Thanks Dave for your inputs. I have few more data points on the same.
It will be nice to know your thoughts on this.

Dave Chinner <dgc@kernel.org> writes:

> On Sun, Apr 05, 2026 at 06:33:59AM +0530, Ritesh Harjani wrote:
>> Dave Chinner <dgc@kernel.org> writes:
>> 
>> > On Fri, Apr 03, 2026 at 04:35:46PM +0100, Matthew Wilcox wrote:
>> >> This is with commit 5619b098e2fb so after 7.0-rc6
>> >> INFO: task fsstress:3762792 blocked on a semaphore likely last held by task fsstress:3762793
>> >> task:fsstress        state:D stack:0     pid:3762793 tgid:3762793 ppid:3762783 task_flags:0x440140 flags:0x00080800
>> >> Call Trace:
>> >>  <TASK>
>> >>  __schedule+0x560/0xfc0
>> >>  schedule+0x3e/0x140
>> >>  schedule_timeout+0x84/0x110
>> >>  ? __pfx_process_timeout+0x10/0x10
>> >>  io_schedule_timeout+0x5b/0x80
>> >>  xfs_buf_alloc+0x793/0x7d0
>> >
>> > -ENOMEM.
>> >
>> > It'll be looping here:
>> >
>> > fallback:
>> >         for (;;) {
>> >                 bp->b_addr = __vmalloc(size, gfp_mask);
>> >                 if (bp->b_addr)
>> >                         break;
>> >                 if (flags & XBF_READ_AHEAD)
>> >                         return -ENOMEM;
>> >                 XFS_STATS_INC(bp->b_mount, xb_page_retries);
>> >                 memalloc_retry_wait(gfp_mask);
>> >         }
>> >
>> > If it is looping here long enough to trigger the hang check timer,
>> > then the MM subsystem is not making progress reclaiming memory. This
>> 
>> Hi Dave,
>> 
>> If that's the case and if we expect the MM subsystem to do memory
>> reclaim, shouldn't we be passing the __GFP_DIRECT_RECLAIM flag to our
>> fallback loop?
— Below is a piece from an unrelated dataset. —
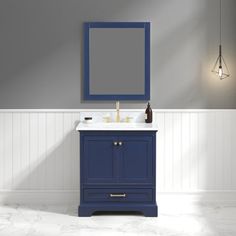 a bathroom vanity with a blue cabinet and mirror on the wall next to a light fixture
I see that we might have cleared this flag and also set
>> __GFP_NORETRY, in the above if condition if allocation size is >PAGE_SIZE.
>> 
>> So shouldn't we do?
>> 
>>         if (size > PAGE_SIZE) {
>>                 if (!is_power_of_2(size))
>>                         goto fallback;
>> -               gfp_mask &= ~__GFP_DIRECT_RECLAIM;
>> -               gfp_mask |= __GFP_NORETRY;
>> +               gfp_t alloc_gfp = (gfp_mask & ~__GFP_DIRECT_RECLAIM) | __GFP_NORETRY;
>> +               folio = folio_alloc(alloc_gfp, get_order(size));
>> +       } else {
>> +               folio = folio_alloc(gfp_mask, get_order(size));
>>         }
>> -       folio = folio_alloc(gfp_mask, get_order(size));
>>         if (!folio) {
>>                 if (size <= PAGE_SIZE)
>>                         return -ENOMEM;
>>                 trace_xfs_buf_backing_fallback(bp, _RET_IP_);
>>                 goto fallback;
>>         }
>
> Possibly.
>
> That said, we really don't want stuff like compaction to
> run here -ever- because of how expensive it is for hot paths when
> memory is low, and the only knob we have to control that is
> __GFP_DIRECT_RECLAIM.
>

Looking at __alloc_pages_direct_compact(), it returns immediately for
order=0 allocations.


> However, turning off direct reclaim should make no difference in
> the long run because vmalloc is only trying to allocate a batch of
> single page folios.
>
> If we are in low memory situations where no single page folios are
> not available, then even for a NORETRY/no direct reclaim allocation
> the expectation is that the failed allocation attempt would be
> kicking kswapd to perform background memory reclaim.
>
> This is especially true when the allocation is GFP_NOFS/GFP_NOIO
> even with direct reclaim turned on - if all the memory is held in
> shrinkable fs/vfs caches then direct reclaim cannot reclaim anything
> filesystem/IO related.
>

So, looking at the logs from Matthew, I think, this case might have
benefitted from __GFP_DIRECT_RECLAIM, because we have many clean
inactive file pages. So theoritically, IMO direct reclaim should be able
to use one of those clean file pages (after it gets direct-reclaimed)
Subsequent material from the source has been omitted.